CommonsMetadata is already caching it. I don't think the problem here is caching, it's more fact that this endpoint would be called for various titles, retriving metadata for the same file second/third time in a row is fast. Also, the metadata is cached based on the last file modification, therefore, if there were no changes and the entry wasn't evicted, it will not require re-parsing.

  • Within the handler, can it access the class directly (it doesn’t do HTTP requests, so can we access the raw more directly)?

Not at this moment as CommonsMetadata is using GetExtendedMetadata hook to inject the metadata. Altough it won't be difficult to refactor code ( introduce a Service class) to allow calling it directly.

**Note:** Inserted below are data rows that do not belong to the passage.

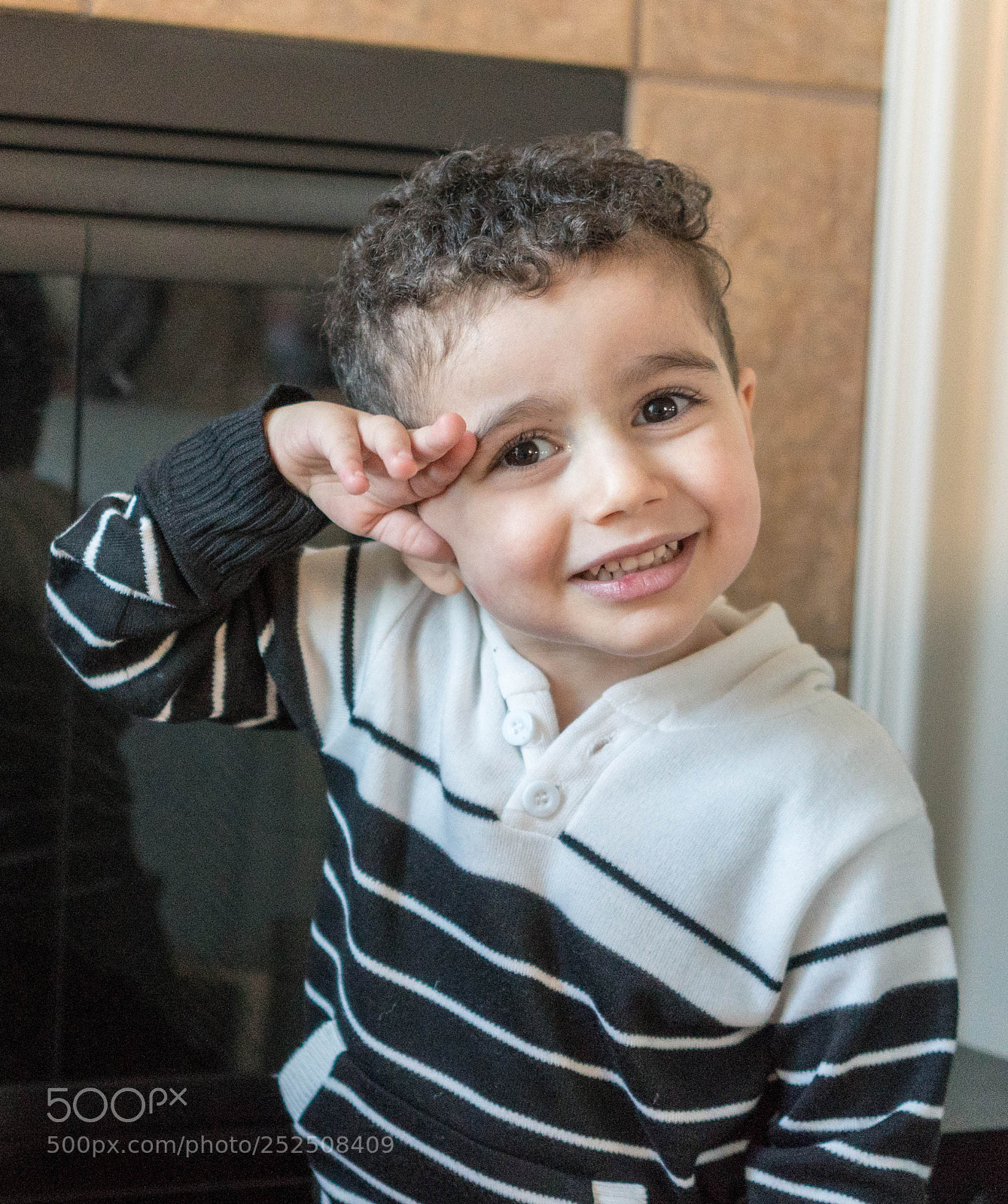 Sony a7R III sample photo. Dsc photography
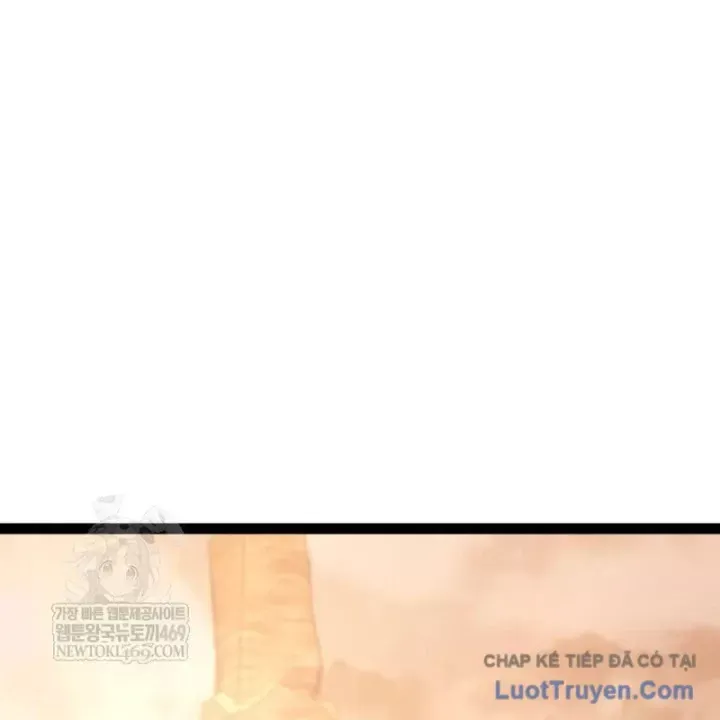 Goblin Level 999 Chương 28 - Trang 192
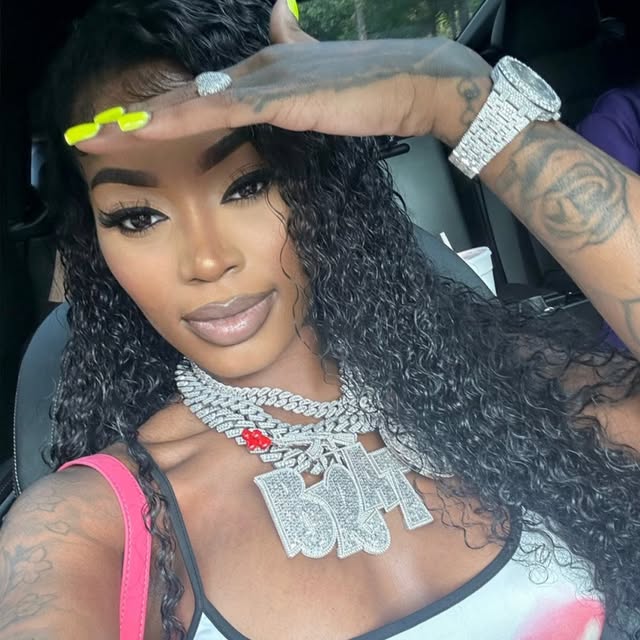 ASIAN DA BRAT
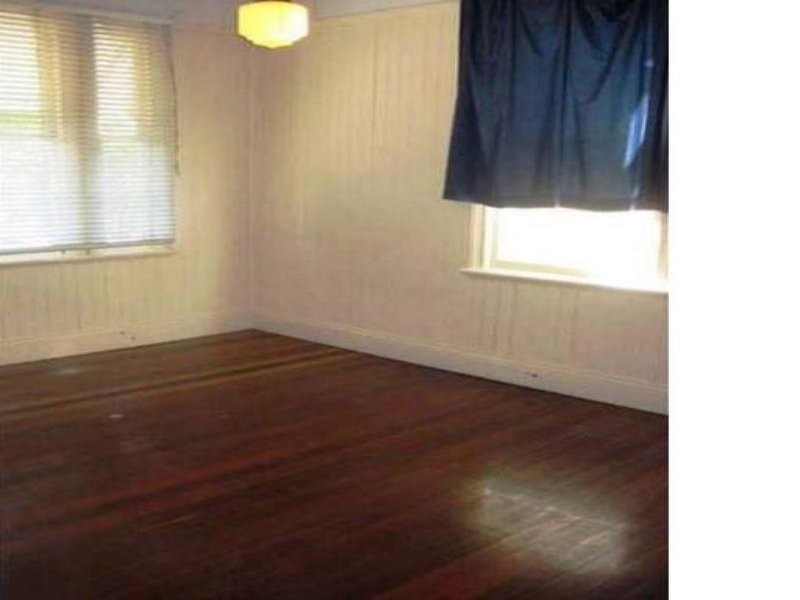 105 Kent Street, New Farm QLD 4005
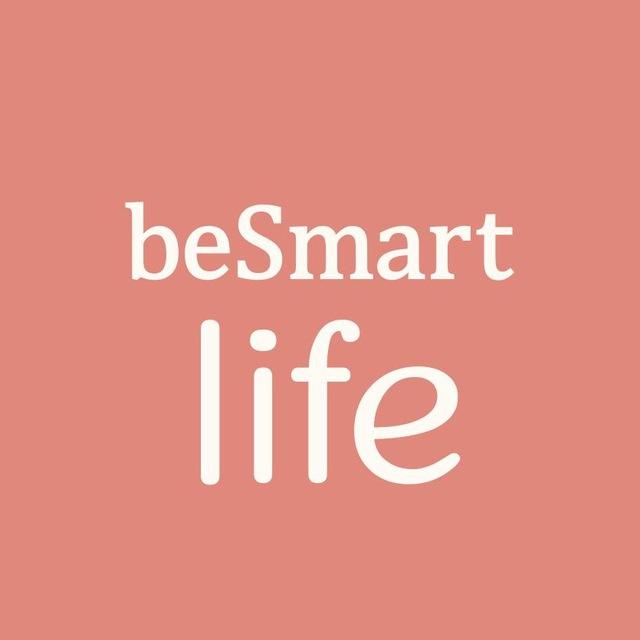 beSmart life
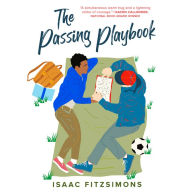 The Passing Playbook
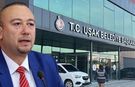 Uşak Belediyesi'nde seçim tarihi belli oldu!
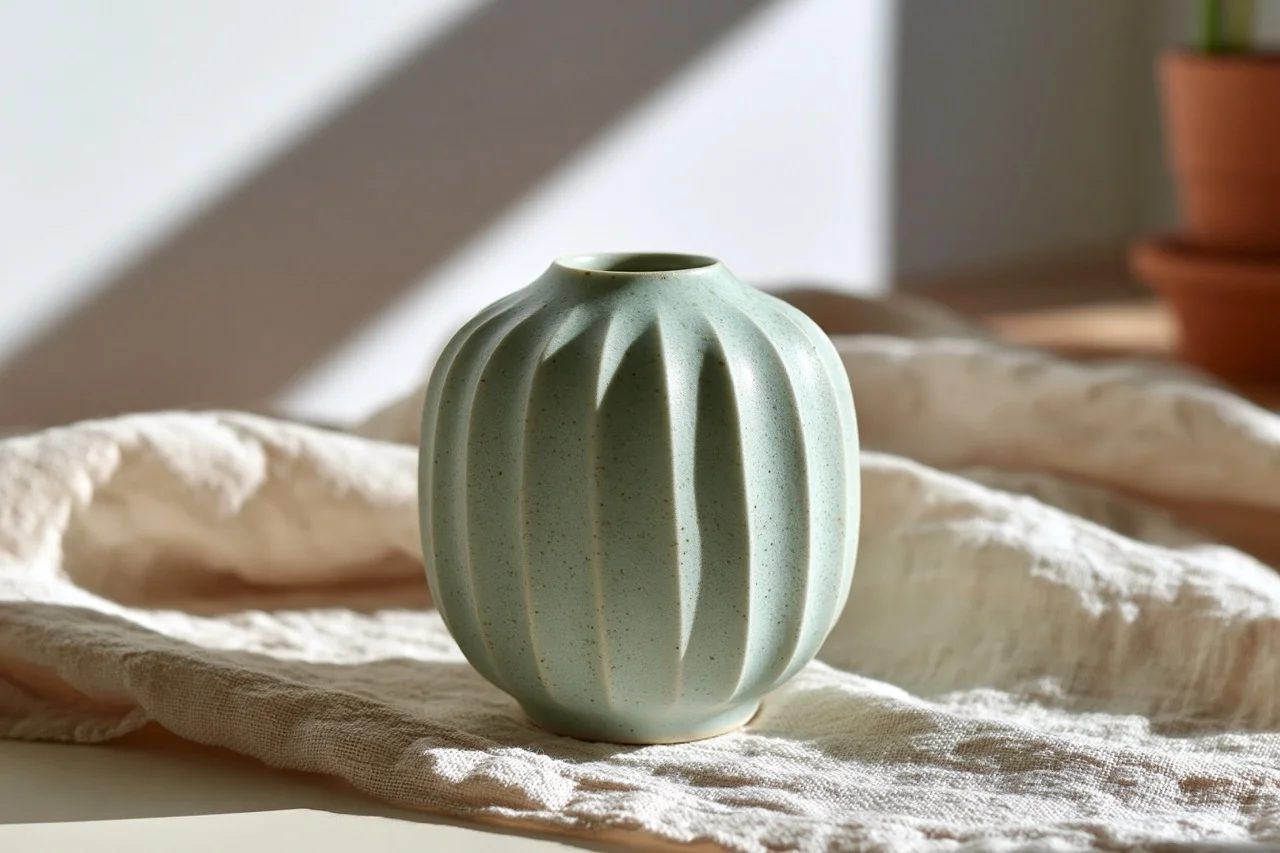 celadon — image 4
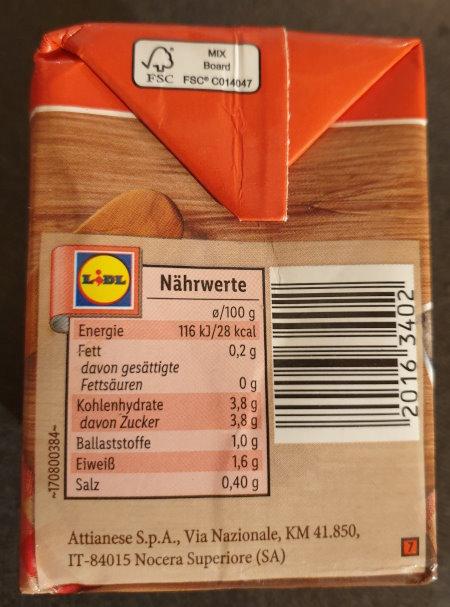 Passierte-Tomaten-Baresa-Square-Box-Side.jpg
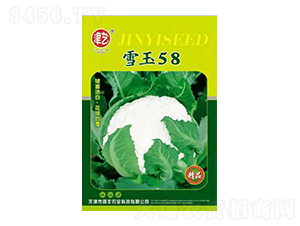 ˷N-ѩ58-Sr(nng)I(y)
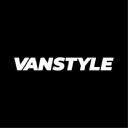 Vanstyle.co.uk logo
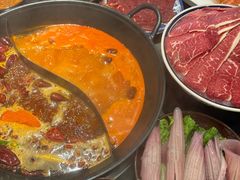 -优托邦(长兴路店)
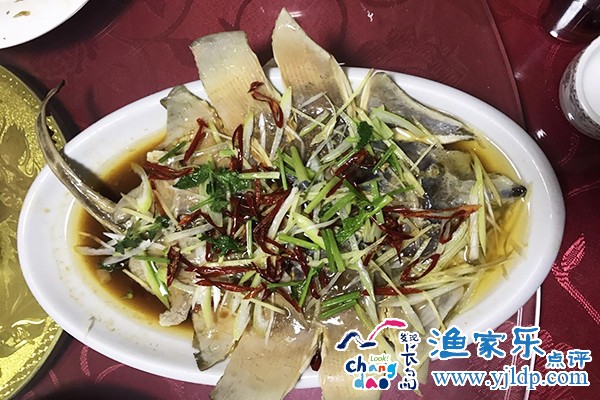 微信圖片_20170416141151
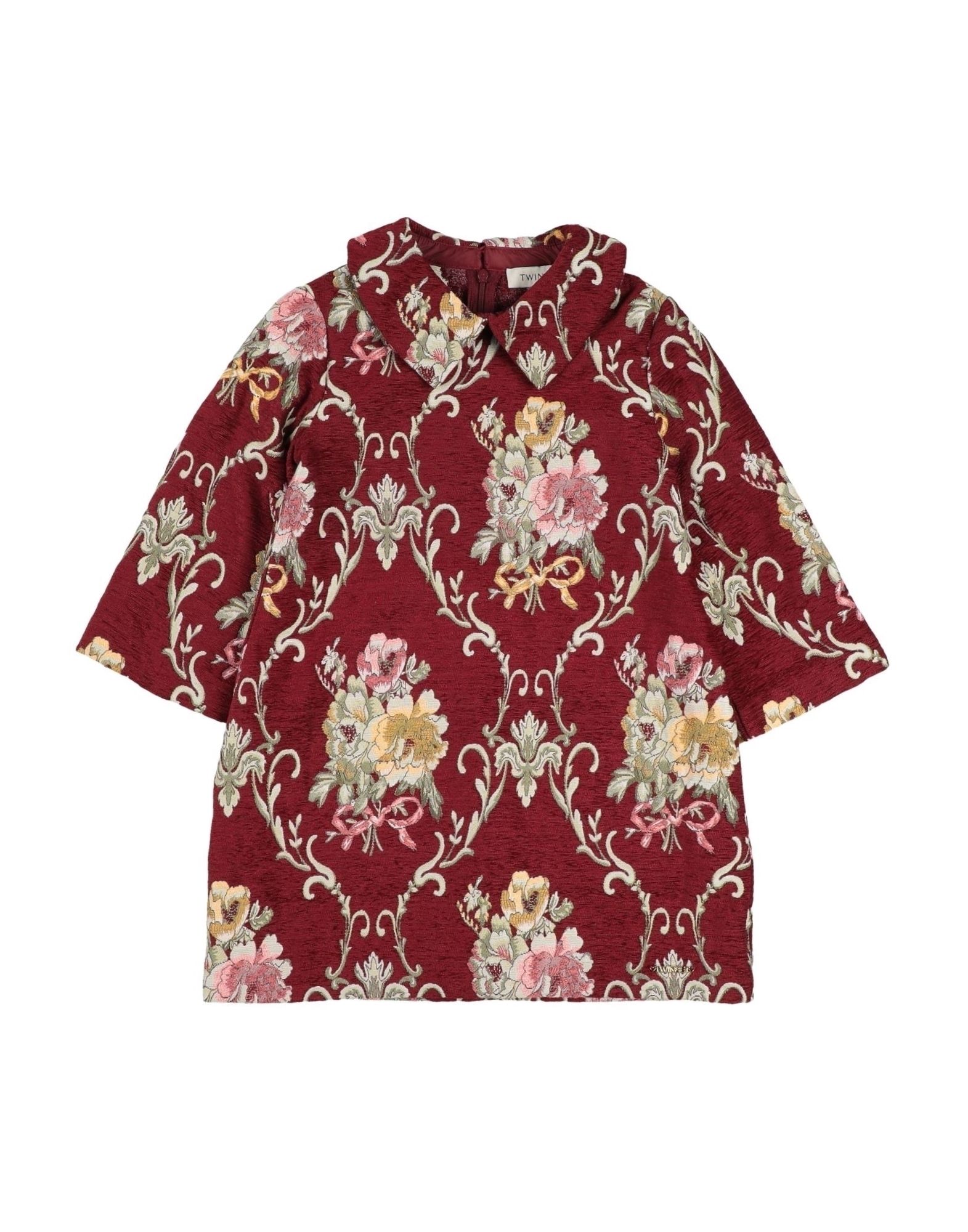 TWINSET - Vestiti bimba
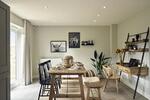 Leaf Living at Edwalton Fields, Nottingham, NG12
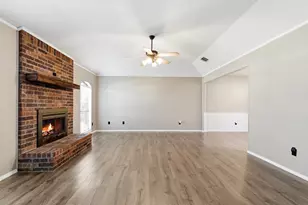 6612 Patsy Ln, Watauga, TX 76148 - Photo 5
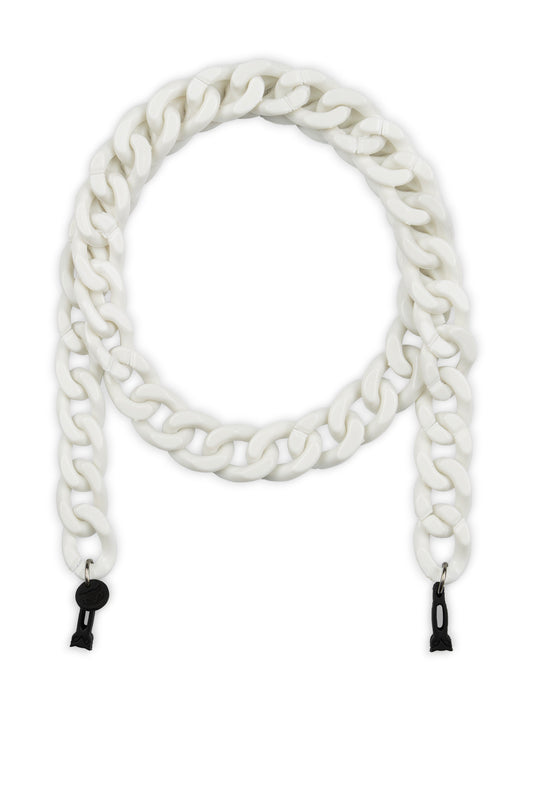 Cuelga Gafas Pop Buma H4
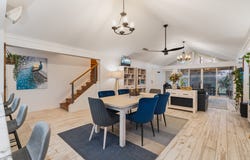 31 Castleroy Terrace, Dunsborough, WA 6281
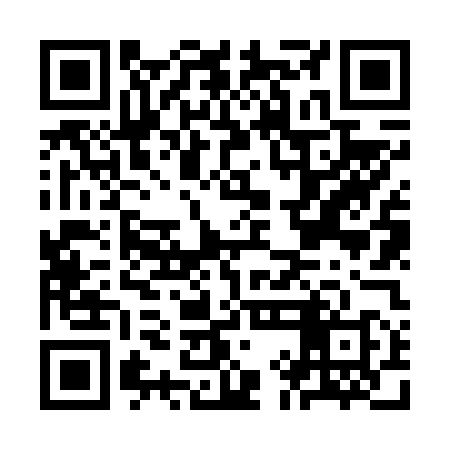 QR code for KIN658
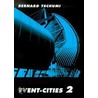 Event-Cities 2 door Bernard Tschumi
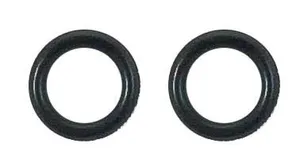 TruckAir Oring - 2 per bag -Special 1877716 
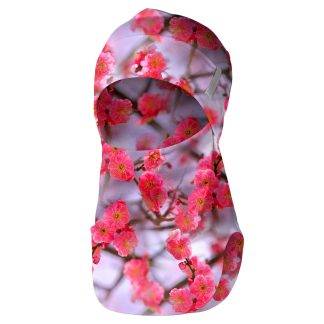 Lenne puuvillane maskmüts KAVIS, viimane suurus 48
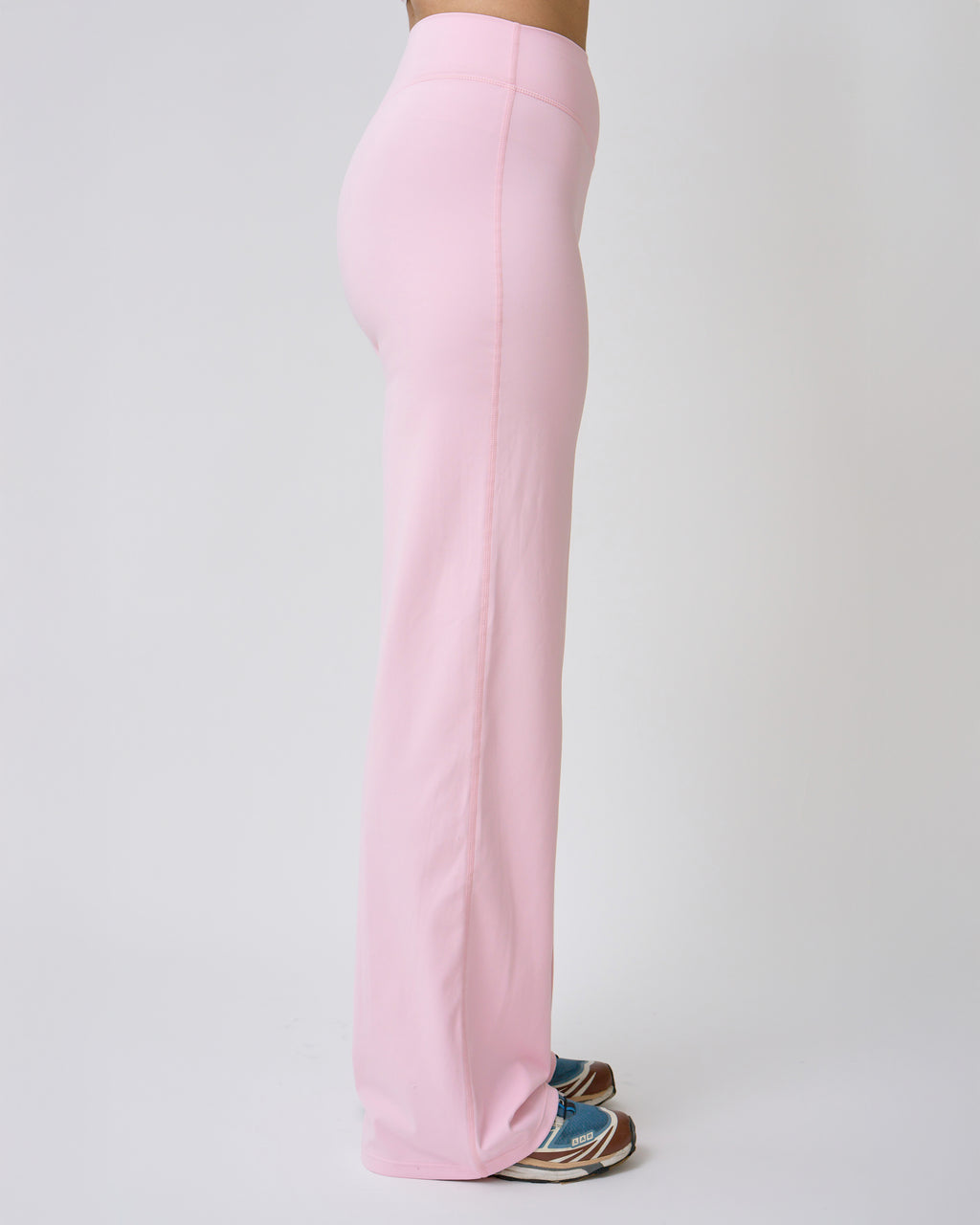 pink_pants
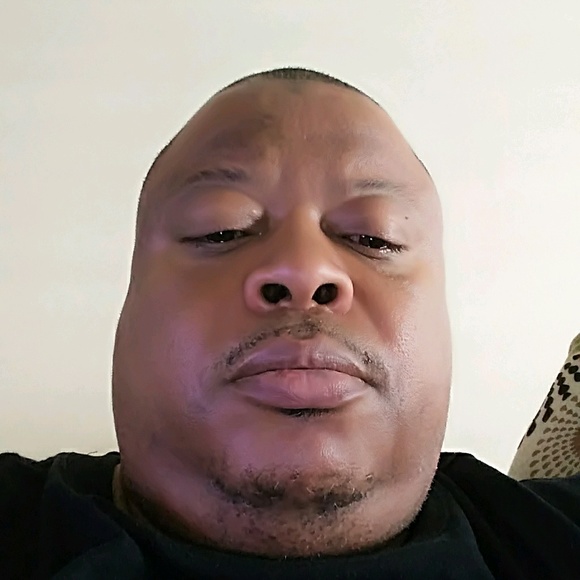 Meet your Posher, Don - Picture 1 of 1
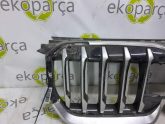 Oto Çıkma Parça / Bmw / X1 / Kaporta & Karoser / Panjur / Çıkma Parça 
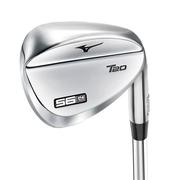mizuno golf uk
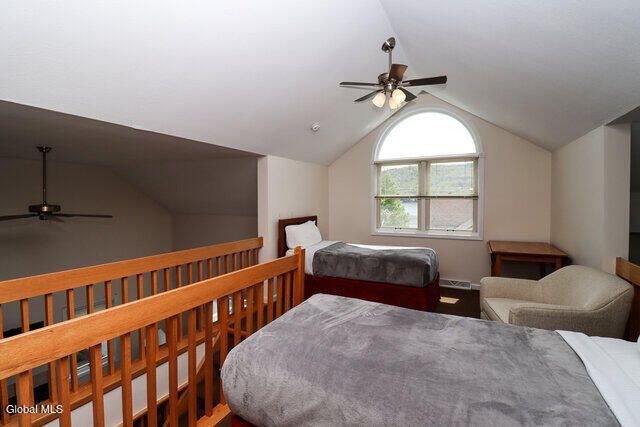 3014 Lake Shore Drive 2D, Lake George, NY 12845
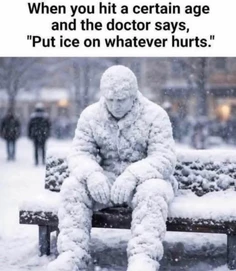 Featured post 4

  • Alternative idea: Potentially add to pageprops, which are cacheable since they are non-changing; potentially have a backfill for pageprops instead of parsing on demand? Job to update and store, then lighter weight API approach.

I don't think this changes anything. This information is already cached in MainWANObjectCache. Storing this in PageProps may provide a long term storage but I don't think it's something we should look into right now. Only if we start getting lots of WANObjectCache evictions I would consider moving it to more persistent storage.